In queste poche parole si può riassumere lo spirito di un grande missionario, il segreto di una vita lunga e vittoriosa, come si legge nel sottotitolo del volume di p. Piero Gheddo, Fare felici gli infelici, edito da Emi (2014, pagg.300) con la prefazione di Roberto Beretta. “Fare felici gli infelici” dando tutto sé stesso perché solo questo convince i pagani diceva il beato.

Padre Gheddo, che ha al suo attivo moltissime biografie di santi e beati missionari, si è fatto una precisa idea del concetto di santità: il santo è un uomo felice, è un esempio di promozione umana che rende l’uomo più uomo e la donna più donna, la santità è alla portata di tutti, i santi sono la dimostrazione “che il Vangelo può essere vissuto in ogni situazione umana e in ogni tempo”.

“Fare felici gli infelici” è la storia del percorso spirituale che ha portato il beato Vismara verso la santità dopo che nella precedente biografia scritta sempre da p. Gheddo, Fatto per andare lontano, aveva descritto la sua vita come un romanzo di avventure, ma vere, non inventate.

Un percorso che parte dall’esempio dei suoi genitori che, purtroppo, presto lo lasciano orfano, ma che lo rafforzano nella virtù della fede senza la quale “sarei diventato un brigante”, dice il beato Clemente. Una grande personalità, una grande gioia di vivere che trasmetteva agli altri, ma anche una forte identità e uno spirito ribelle, forte e tenace, obbediente, fedele, metodico. Tutte caratteristiche che lo renderanno un grande missionario sempre pronto a sacrificarsi per gli altri come nell’episodio che lo vede prendere in posto di un commilitone spaventato e piangente nella trincea della Prima Guerra mondiale.

La grande fede era la sua forza e tutto faceva per la gloria di Dio e la salvezza delle anime. Per questo motivo era un grande organizzatore che faceva organizzare tutto dalla Provvidenza e per questo la seconda virtù che lo contraddistingueva era quella della speranza, segno distintivo dei cristiani (Spe salvi, 2007, n.2) tanto che una suora che aveva vissuto con lui lo chiama “santo della Divina Provvidenza”. Infatti Vismara non rifiutava mai nessuno nel suo orfanotrofio e, alla fine, il riso non mancava mai. Tutte le offerte che riceveva finivano in riso e medicine, ma non teneva nessuna contabilità.

L’attività di Vismara, missionario e pastore nell’estremo oriente (Birmania), non si limitava alla vita spirituale, ma a migliorare anche la vita materiale delle sue pecorelle: “E’ impossibile fare i cattolici a ventre vuoto” scriveva il beato, che, assieme al segno di croce insegnava come produrre da mangiare e lo insegnava agli uomini che, in quelle società tribali, facevano lavorare solo le donne e i bambini. E li trascinava al lavoro con l’esempio perché “un cristiano che lavora è un buon cristiano” diceva.

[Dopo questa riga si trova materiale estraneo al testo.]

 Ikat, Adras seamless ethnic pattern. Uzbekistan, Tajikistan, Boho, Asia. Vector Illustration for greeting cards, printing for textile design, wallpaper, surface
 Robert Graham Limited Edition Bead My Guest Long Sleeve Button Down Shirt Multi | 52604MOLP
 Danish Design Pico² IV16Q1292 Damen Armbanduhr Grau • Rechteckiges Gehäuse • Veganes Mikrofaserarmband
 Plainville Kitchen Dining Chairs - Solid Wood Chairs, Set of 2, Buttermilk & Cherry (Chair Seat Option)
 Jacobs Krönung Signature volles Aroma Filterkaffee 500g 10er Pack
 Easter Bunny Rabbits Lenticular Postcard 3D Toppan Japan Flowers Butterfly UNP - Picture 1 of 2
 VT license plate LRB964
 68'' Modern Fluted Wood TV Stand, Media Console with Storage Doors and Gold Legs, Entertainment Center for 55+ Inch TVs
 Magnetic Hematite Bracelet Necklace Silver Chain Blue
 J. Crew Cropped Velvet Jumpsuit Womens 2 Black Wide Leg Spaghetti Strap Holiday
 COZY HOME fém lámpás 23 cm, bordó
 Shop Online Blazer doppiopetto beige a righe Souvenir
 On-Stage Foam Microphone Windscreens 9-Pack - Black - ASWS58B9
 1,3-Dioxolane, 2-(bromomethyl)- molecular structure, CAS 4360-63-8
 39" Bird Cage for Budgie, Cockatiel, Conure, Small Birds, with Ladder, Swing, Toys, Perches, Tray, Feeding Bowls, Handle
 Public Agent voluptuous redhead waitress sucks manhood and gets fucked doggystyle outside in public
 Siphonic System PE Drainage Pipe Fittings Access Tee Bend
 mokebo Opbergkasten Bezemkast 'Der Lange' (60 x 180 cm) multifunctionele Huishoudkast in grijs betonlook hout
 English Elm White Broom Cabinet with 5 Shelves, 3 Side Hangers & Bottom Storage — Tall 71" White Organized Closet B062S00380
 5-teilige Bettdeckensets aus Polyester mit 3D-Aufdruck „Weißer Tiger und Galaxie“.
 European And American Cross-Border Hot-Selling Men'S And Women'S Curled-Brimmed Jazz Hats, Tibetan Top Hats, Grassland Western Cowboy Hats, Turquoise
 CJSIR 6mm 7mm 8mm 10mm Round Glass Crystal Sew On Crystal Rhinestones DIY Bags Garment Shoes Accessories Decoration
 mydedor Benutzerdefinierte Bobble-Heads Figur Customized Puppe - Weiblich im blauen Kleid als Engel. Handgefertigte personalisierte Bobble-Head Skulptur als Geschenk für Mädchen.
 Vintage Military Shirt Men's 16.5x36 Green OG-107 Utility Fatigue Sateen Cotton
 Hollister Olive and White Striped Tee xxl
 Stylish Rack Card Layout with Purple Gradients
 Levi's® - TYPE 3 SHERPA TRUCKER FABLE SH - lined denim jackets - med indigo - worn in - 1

E Vismara lo era come testimoniano anche i suoi numerosi scritti senza errori in tema di morale e di dottrina, ma come ricordava san Paolo, la più grande delle sue virtù è stata la carità radicata nella fede, un fare e un far fare che lo vedrà sempre al lavoro fino all’ultimo giorno dei suoi 65 anni vissuti in Birmania.